RECORDS SHOWN:
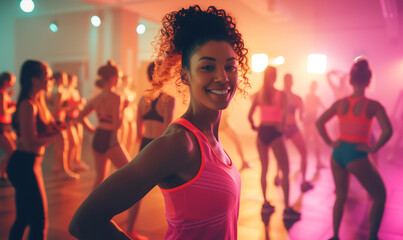 Zumba Fitness Class for Women. An Energising Workout Session at the Gym. Women Dance in the Gym in...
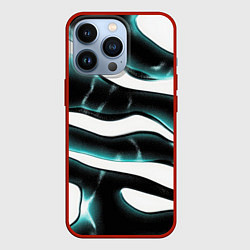 Чехол для iPhone 13 Pro Абстрактный черно-зеленый камуфляж, цвет: 3D-красный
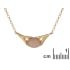 Collier avec quartz rose ovale naturel, en argent doré 925, 40+3 cm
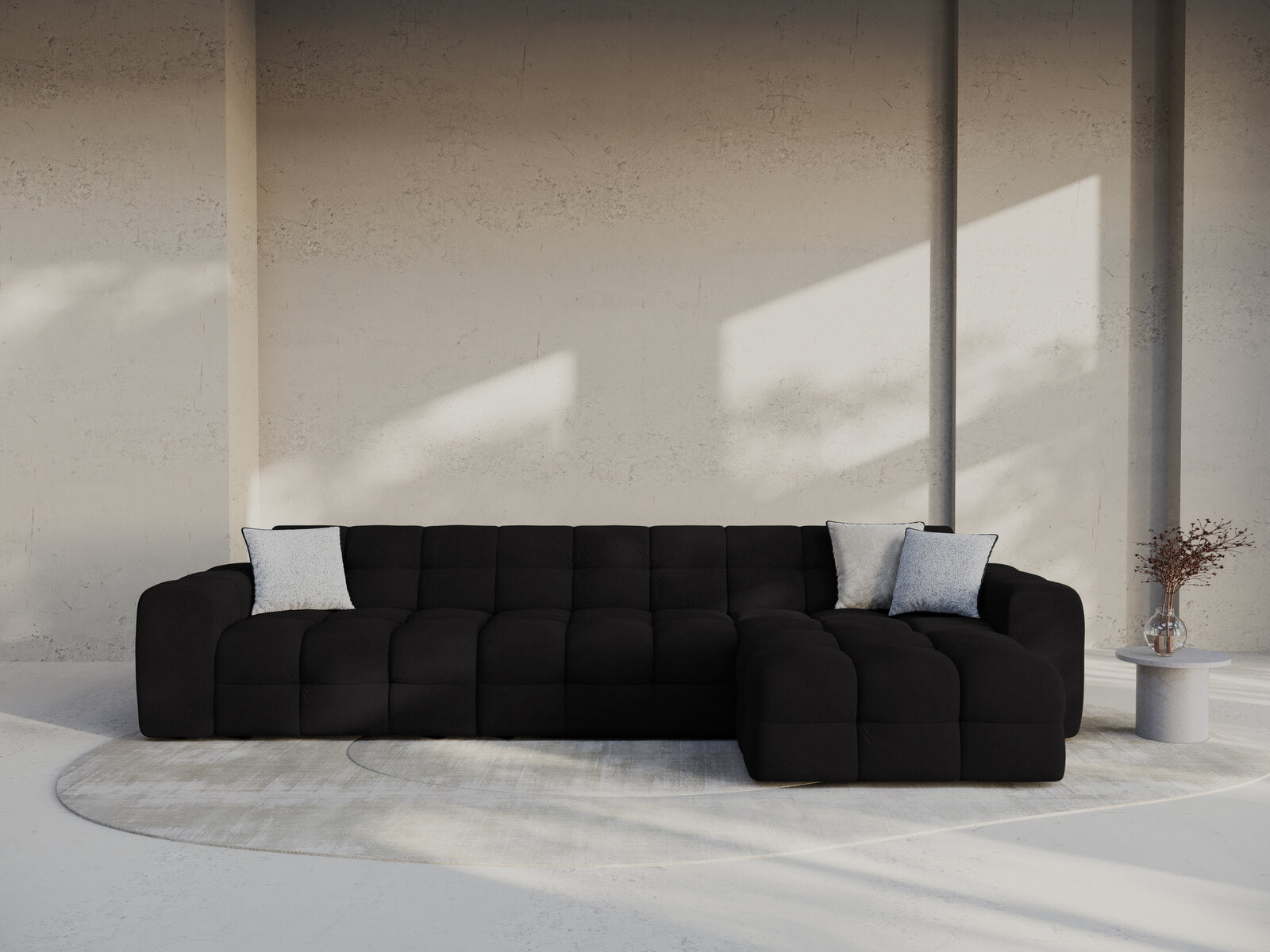 Micadoni Ecksofa Kendal 5-Sitzer Rechts Samt Magic Velvet Schwarz
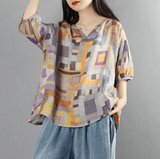 Plus Size Loose Artistic Short-sleeved Blouse Trendy V-neck Irregular Pattern Print Casual Thin T-shirt - Nioor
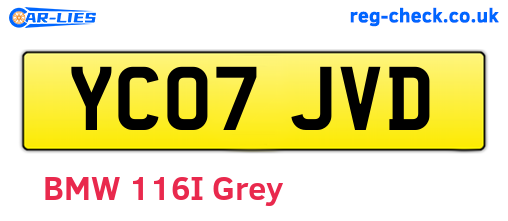 YC07JVD are the vehicle registration plates.
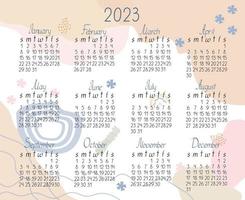 modèle de calendrier pour l'année 2023 dans un style minimaliste simple, arrière-plan coloré abstrait formes lâches sans forme, la semaine commence le dimanche, page imprimable vectorielle vecteur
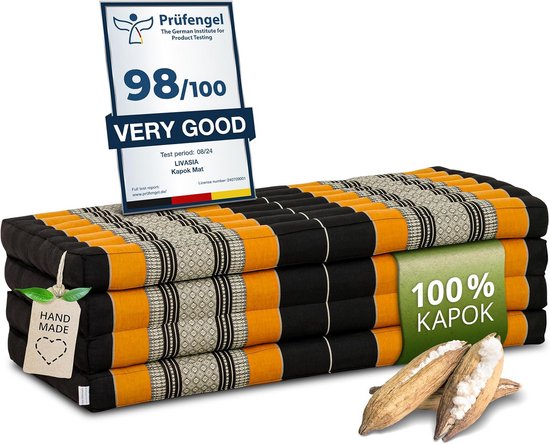 Duurzame klapmatras met kapokvulling - 200x110x8cm - multifunctionele gastenmatras voor tuin en balkon van Merkloos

WHAT IS EXPECTED: Before copying the data, remove the pictures. Then repeat the rest exactly.

SOLUTION TO THE PROBLEM:
 Zumba Fitness Class for Women. An Energising Workout Session at the Gym. Women Dance in the Gym in...
 Чехол для iPhone 13 Pro Абстрактный черно-зеленый камуфляж, цвет: 3D-красный
 Collier avec quartz rose ovale naturel, en argent doré 925, 40+3 cm
 Micadoni Ecksofa Kendal 5-Sitzer Rechts Samt Magic Velvet Schwarz
 Plus Size Loose Artistic Short-sleeved Blouse Trendy V-neck Irregular Pattern Print Casual Thin T-shirt - Nioor
 YC07JVD are the vehicle registration plates.
 modèle de calendrier pour l'année 2023 dans un style minimaliste simple, arrière-plan coloré abstrait formes lâches sans forme, la semaine commence le dimanche, page imprimable vectorielle vecteur
 Duurzame klapmatras met kapokvulling - 200x110x8cm - multifunctionele gastenmatras voor tuin en balkon van Merkloos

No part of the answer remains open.